Medical monitoring and dosimetric uncertainty concerning actinides: experience feedback and optimisation
Le Guen, B.; Gonin, M.; Bailloeuil, C. Berard, P. Carles, M. Gibert, B.
IRPA-10: 10. international congress of the International Radiation Protection Association Hiroshima (Japan) 14-19 May 2000, T-5-3, P-6a-306;10 refs., 1 tab.
The individual dosimetric surveillance of workers exposed to actinides is intended to ensure that any intake is detected at an early stage and that the associated committed doses are evaluated. The latest ICRP recommendations impose additional internal dose estimation constraints. Difficulty in interpreting the results of surveillance stem from uncertainty concerning the prospective biokinetics of inhaled particles, the actual industrial situation (different workstations and changes in employee positions in companies) as well as the surveillance regime chosen. The authors describe their experience of the surveillance of nuclear fuel cycle workers and the optimisation of dose evaluation. The introduction of work area or workshop monitoring associated with measures to detect collective and individual exposure necessitates an exact knowledge of the actual nature of the workstations and the products handled there, and the fundamental requirement is that the means must match the risks.
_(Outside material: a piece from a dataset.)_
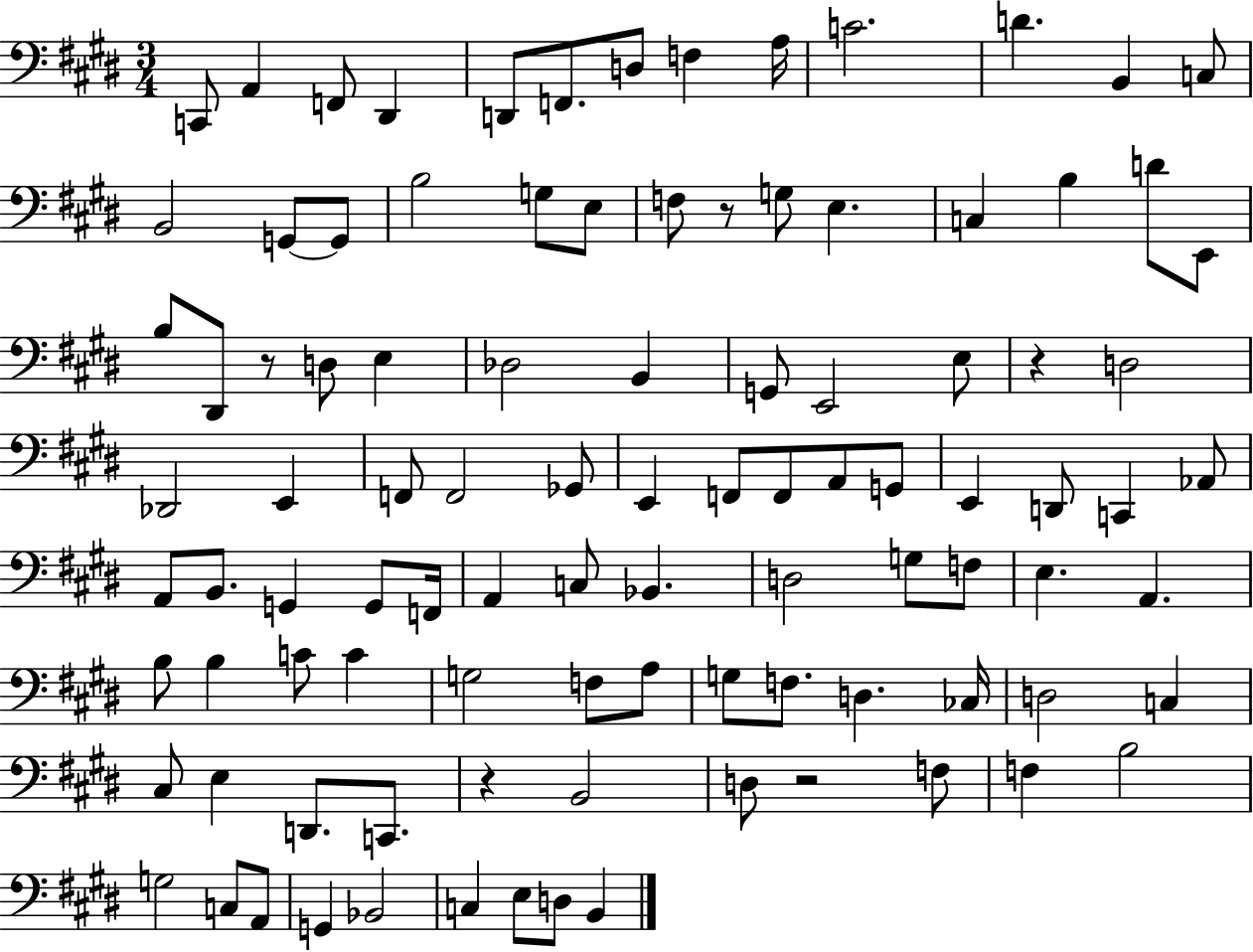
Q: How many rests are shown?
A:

Collective monitoring can, for instance, be carried out by taking nose blow each time a zone is left, measuring air conditions and characterising workstations, all modes of surveillance which are as close as possible to operational dosimetry, the goal of which is to control exposure by monitoring the actual effectiveness of the radiological protection measures. Individing monitoring combines whole body counting with the monitoring of urinary and faecal excreta, to situate the case of each worker in terms of the dose limits. Three situations in very different industrial sites have thus been analysed, making it possible to substantiate the usefulness and the complementarity of the monitoring procedures adopted. The lower dose limits imposed by the regulations necessitate reducing the factors of uncertainty so that internal doses can be more accurately estimated. The surveillance must be adapted to each individual industrial site according to the actual risks encountered in the fuel cycle, from fabrication to decommissioning of the facilities. This optimisation calls for close collaboration between the radiological protection departments, human-factors engineers and occupational medicine services involved.